It’s been pointed out before that a more traditional over-the-shoulder view allows the sight of the player character’s body to substitute for a sense that’s otherwise lost in games: proprioception, the sense of one’s own body’s position. ME gives you occasional body glimpses, but proprioception isn’t constant. The people who say that ME is immersive partly because of its first-person view really have it backward: if it’s immersive, it’s in spite of the first-person perspective, because it’s found ways to overcome the limitations of its viewpoint and its lack of normal sensory information. And sometimes it fails at that. That roll move is disorienting in part because it temporarily takes away the intuitive sense of which way is up, something provided by by the way the camera movement normally works in the game, and by the sense of balance in real life.

Mirror’s Edge

Ah, Mirror’s Edge, you beautiful little victim of the hype machine. Highly promoted, widely derided, deeply discounted. Having played through half the levels already, I’m not yet convinced that the basic gameplay here deserves the complaints that have been directed at it. Apparently some people have tried to treat the game like a shooter, and were disappointed, and even more people tried to treat it like a GTA-style open-world game, and were even more disappointed: you can vary your path through the levels, but not that much. But taken on its own terms, it’s not bad. (A bit unvarying, perhaps, but I expect to finish Story Mode before I get tired of it.) Basically what we have here is a 3D platformer in the mold of Prince of Persia and Tomb Raider, but in first-person perspective, and with people shooting at you to encourage you to keep moving. You can shoot back if you like, but why would you? That would just slow you down, and that’s clearly not what the game wants. Whenever I look at the mission objectives tab, I see a note in the corner stating that I have not yet fired a single shot, and this feels a lot like the “conduct” challenges in Nethack.

I should say some words about the visual style right away, because it’s the game’s shiniest feature. While the rendering is photorealistic and the world is reasonably detailed, the use of color is stylized. Everything looks like it has a fresh coat of paint: it’s all gleaming white or highly-saturated solid colors over large areas. It’s like being inside the world’s largest modernist sculpture, and it’s definitely the cleanest-looking urban dystopia I’ve ever seen.

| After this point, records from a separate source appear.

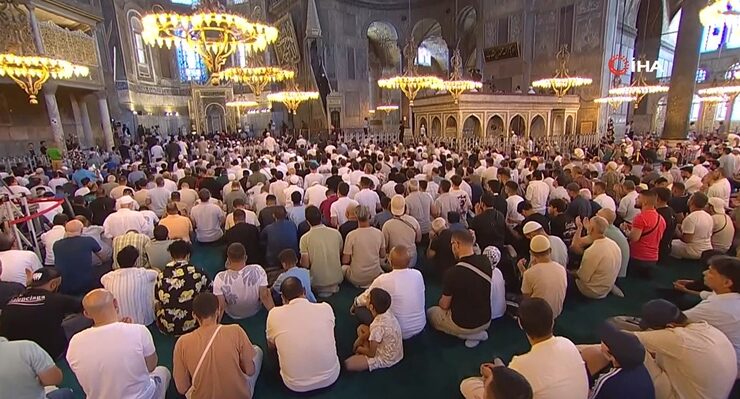 Ayasoyfa Camii’nde Haniye için Gıyabı Cenaze namazı kılındı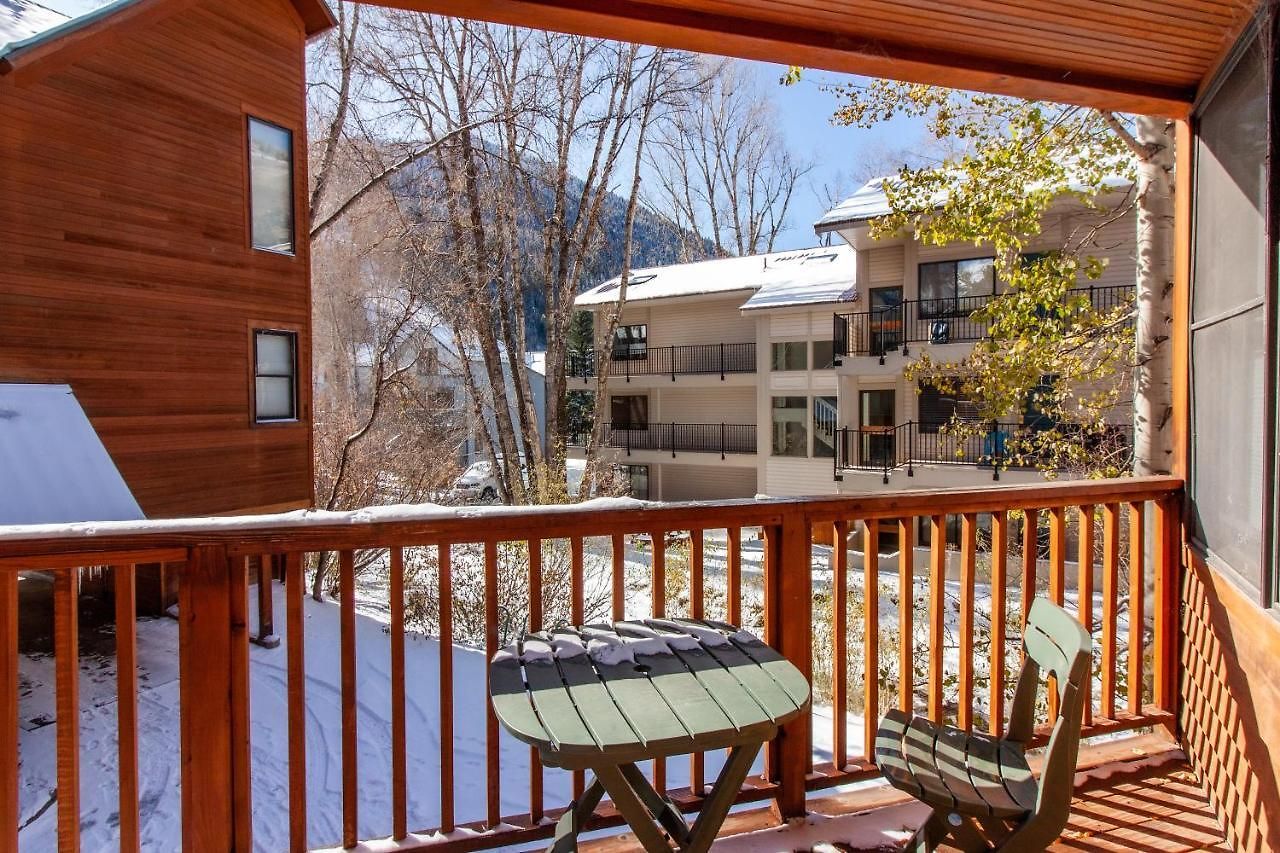 Coronet Creek Retreat Apartment *
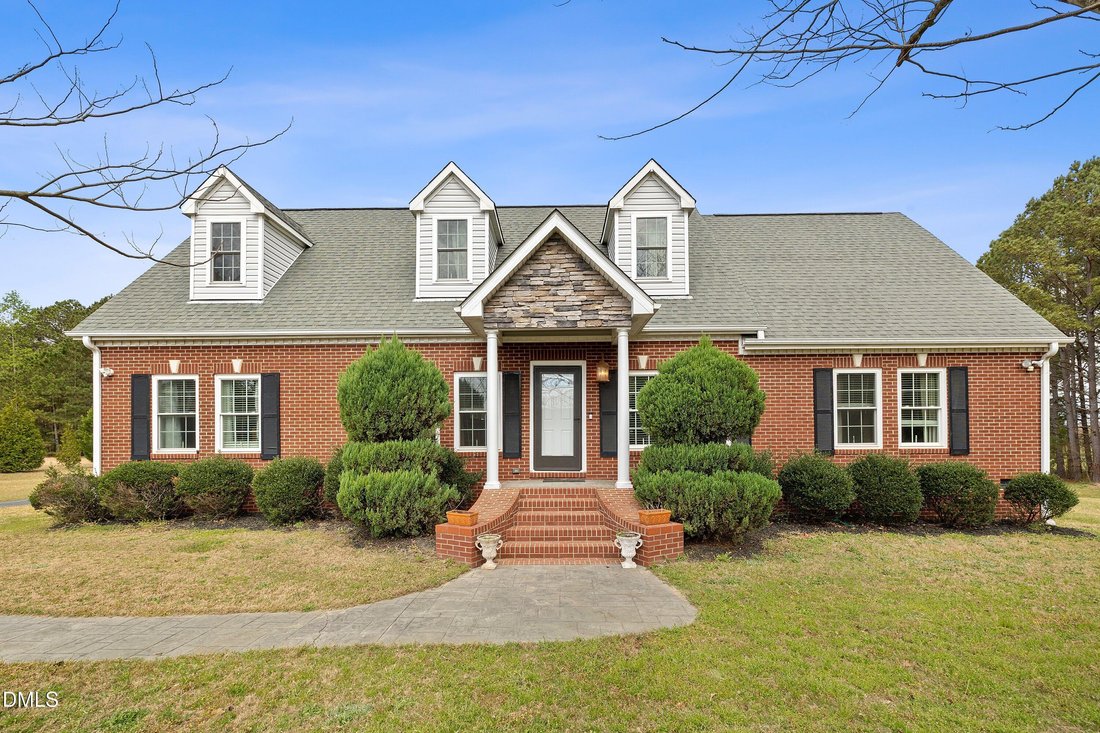 House in Willow Springs, North Carolina, United States 1 - 17501915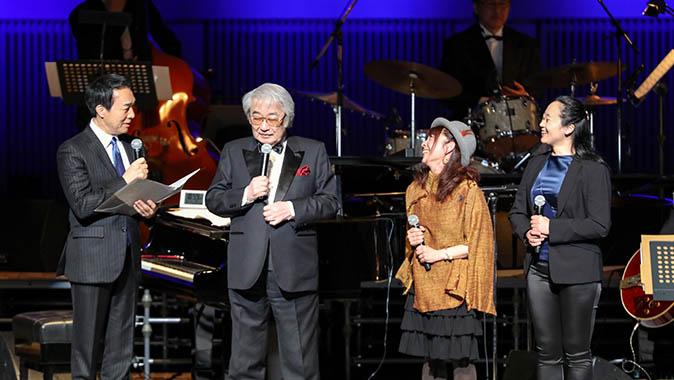 左から司会の宮本隆治さん、前田憲男さん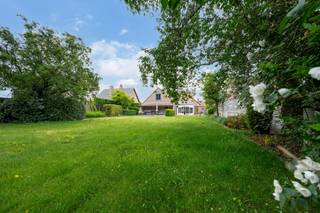 Deze verzorgde woning is rustig gelegen in een residentiële buurt, op een boogscheut van het centrum van Sint-Gillis-Waas én De Klinge. Dankzij...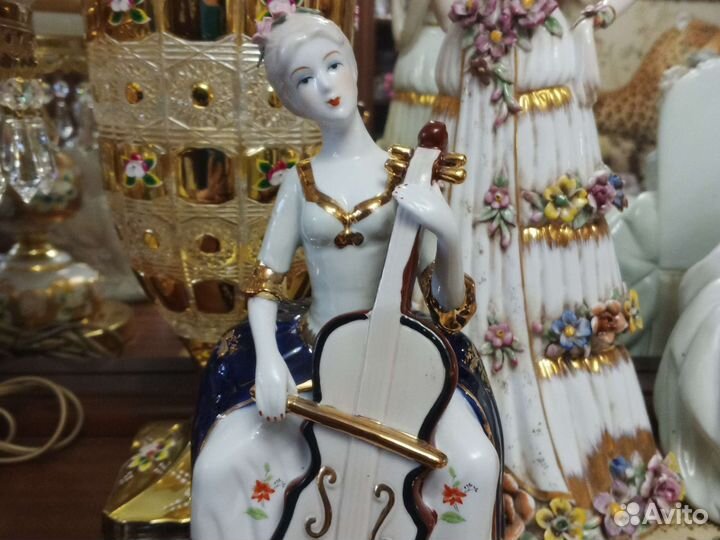 Статуэтка дама фарфор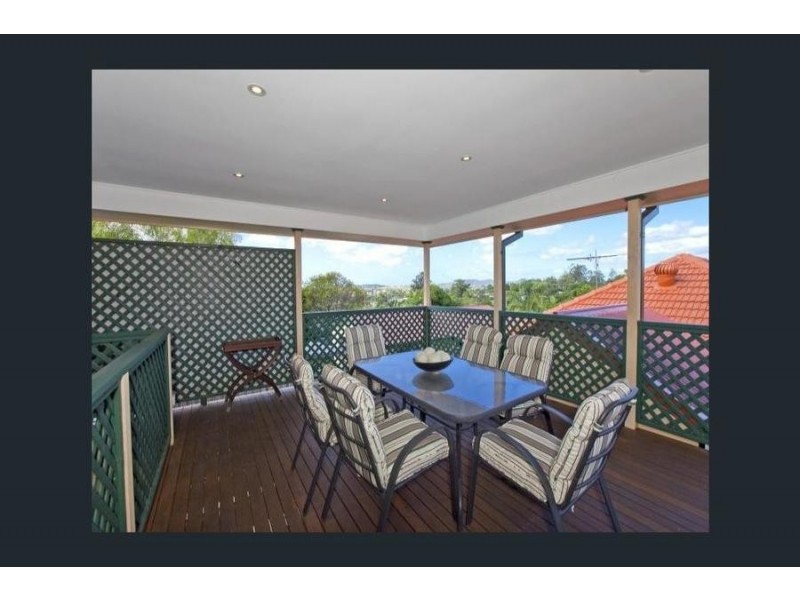 11 Croxley Street, Upper Mount Gravatt QLD 4122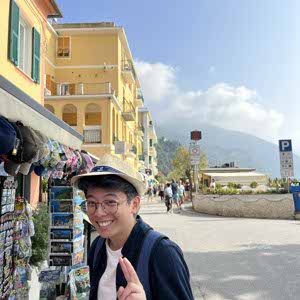 Daniel Foo profile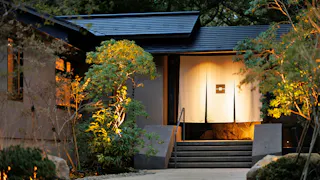 【動画】より洗練された「那須別邸 回」で、土地の豊かさと温泉・美食を堪能するひととき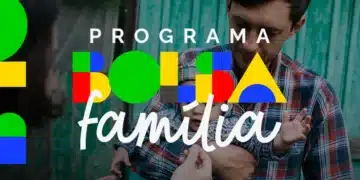 Imagem ilustrativa com alerta sobre golpe relacionado ao Bolsa Família, com pessoa segurando uma criança e elementos gráficos coloridos ao fundo.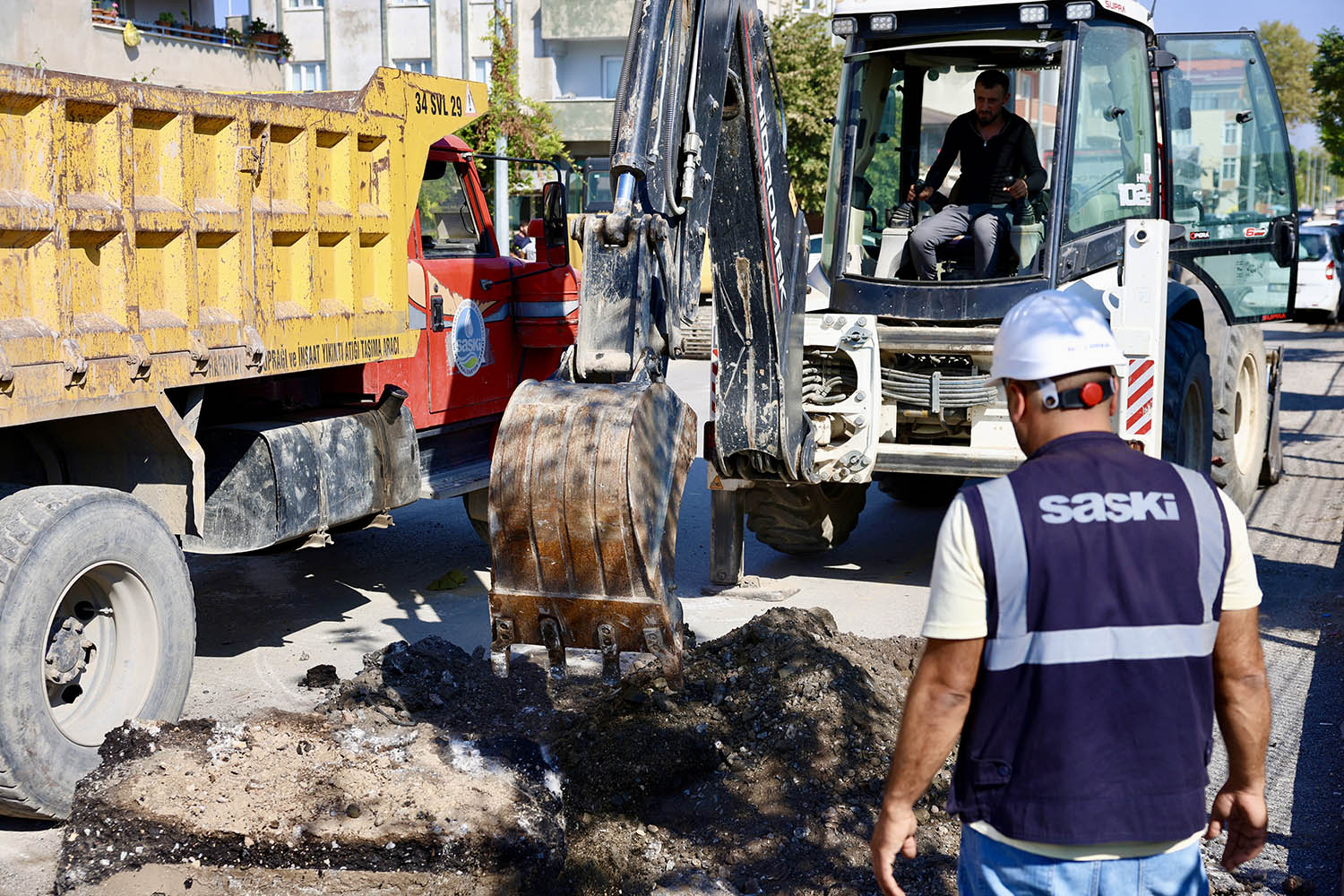 Altyapısı yenilenen Arifiye Zübeyde Hanım Caddesi’nde üstyapı çalışmaları başladı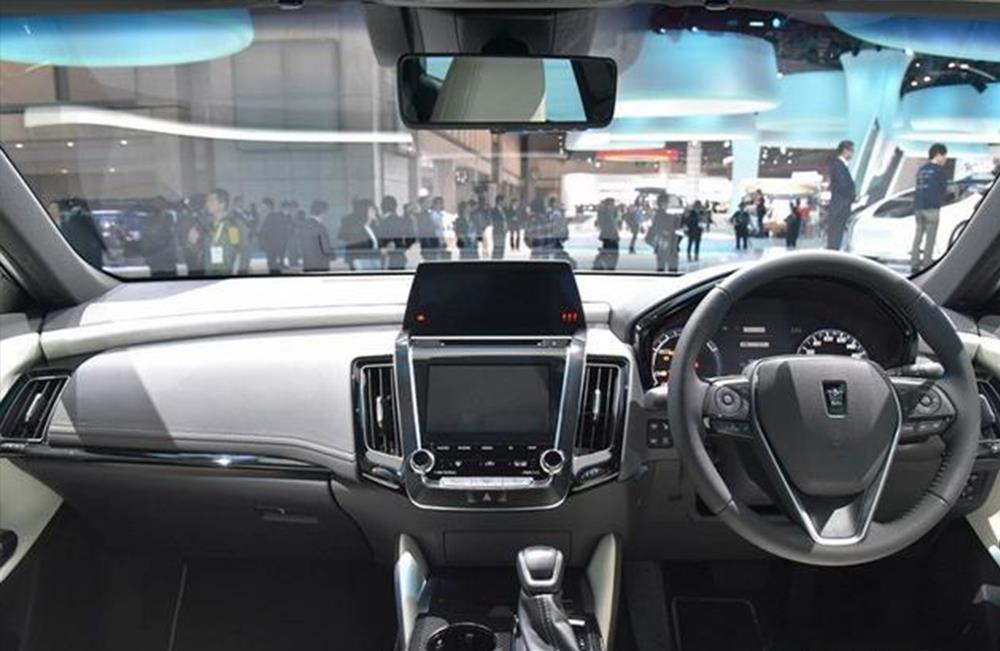 丰田皇冠▲全新皇冠海外上市，高颜值胜过宝马5系，网友却急眼：死不悔改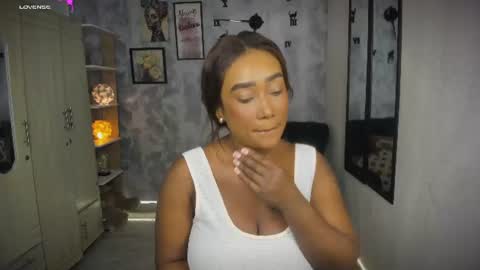Yy  online show from June 25, 11:32 pm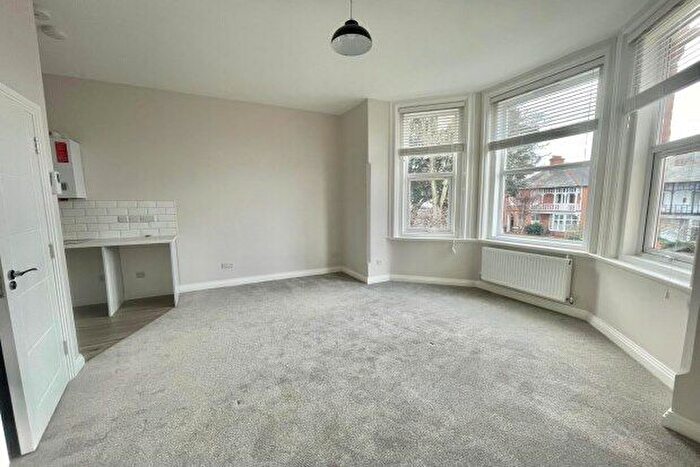 Studio To Rent In Southbourne Road, Bournemouth, BH6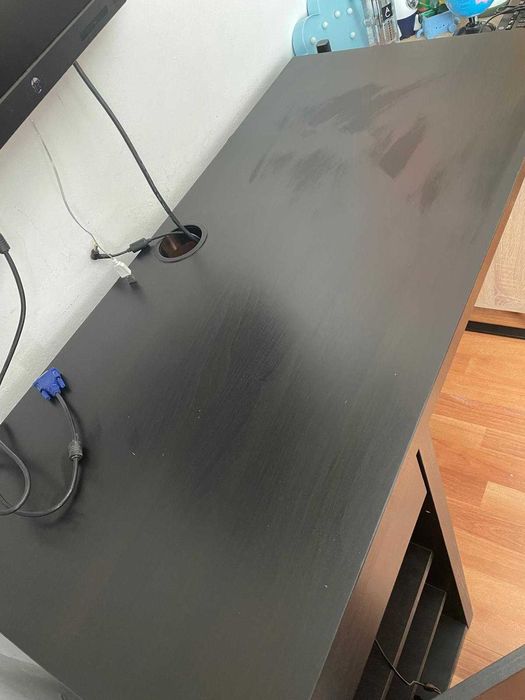 Birou IKEA cu sertar și polițe - compact si practic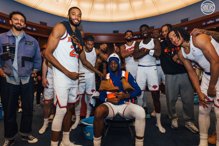 尼克替补中锋拿零分还犯满 却获总教练和唐斯称赞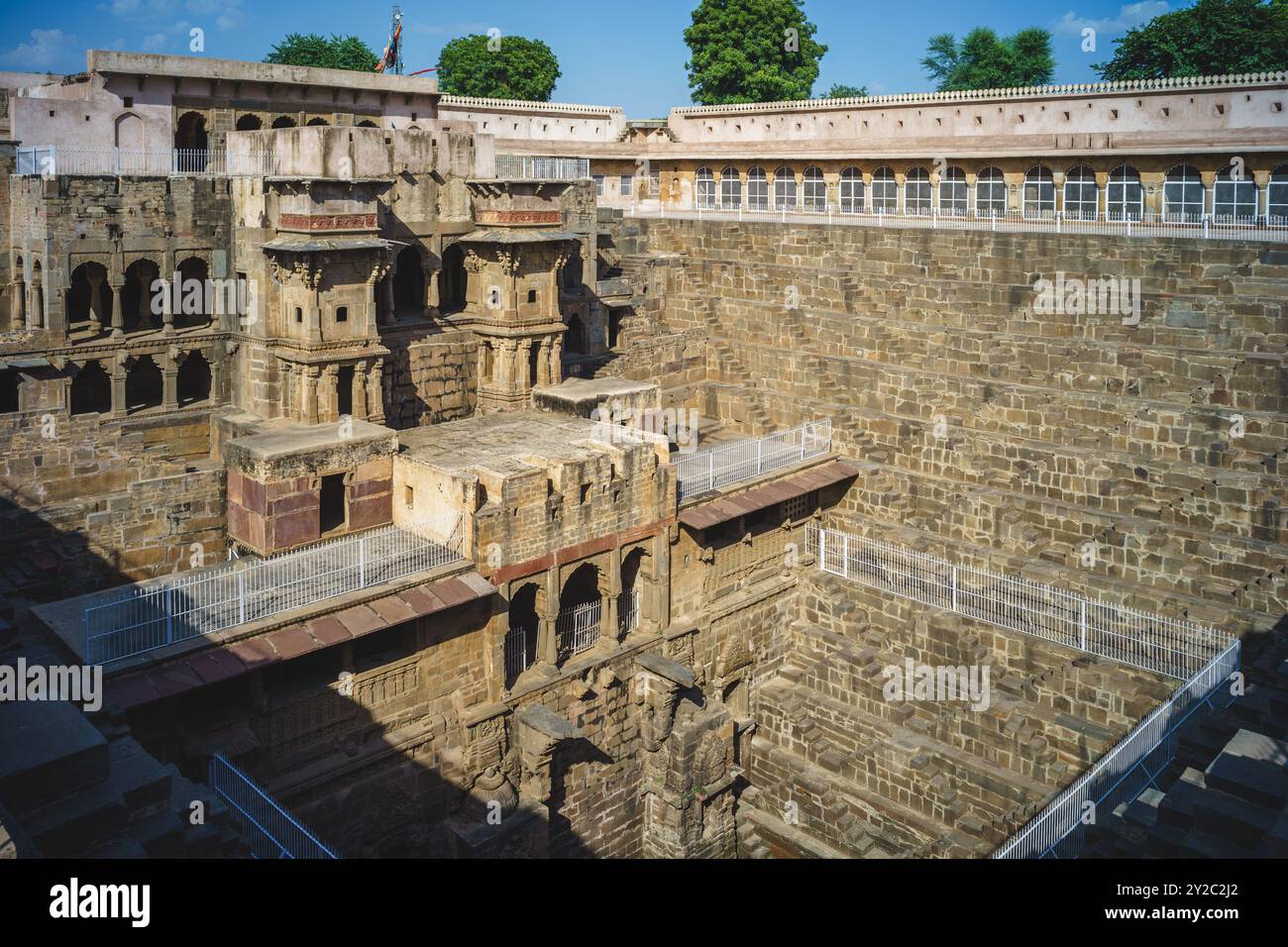 Chand Baori, ein Steppbrunnen im Dorf Abhaneri, Rajasthan, Indien Stockfoto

The really interesting thing, though, is the way the colors figure into gameplay. For example, losing health causes the colors to desaturate, as if the bright look of the world is simply a function of the observer’s outlook. (Perhaps to the average man on the street it looks more like a normal city.) Also, color is often simply used to make significant items pop, particularly through what is called “Runner Vision”. Runner Vision means that special opportunities for movement, such as pipes you can climb or planks you can use as springboards, are colored red. While some things seem to be permanently red, Runner Vision is basically dynamic: white things fade to red as you approach them. If I had been told to implement something like this, I’d probably have done it through colored lighting — changing the light on specific objects, as seen in, e.g., the Thief games (where it’s done to highlight the object currently in focus), is pretty easy to do in most graphics engines. But it doesn’t seem to have been done that way here. The red things look like they’re lit the same as always, just painted red now.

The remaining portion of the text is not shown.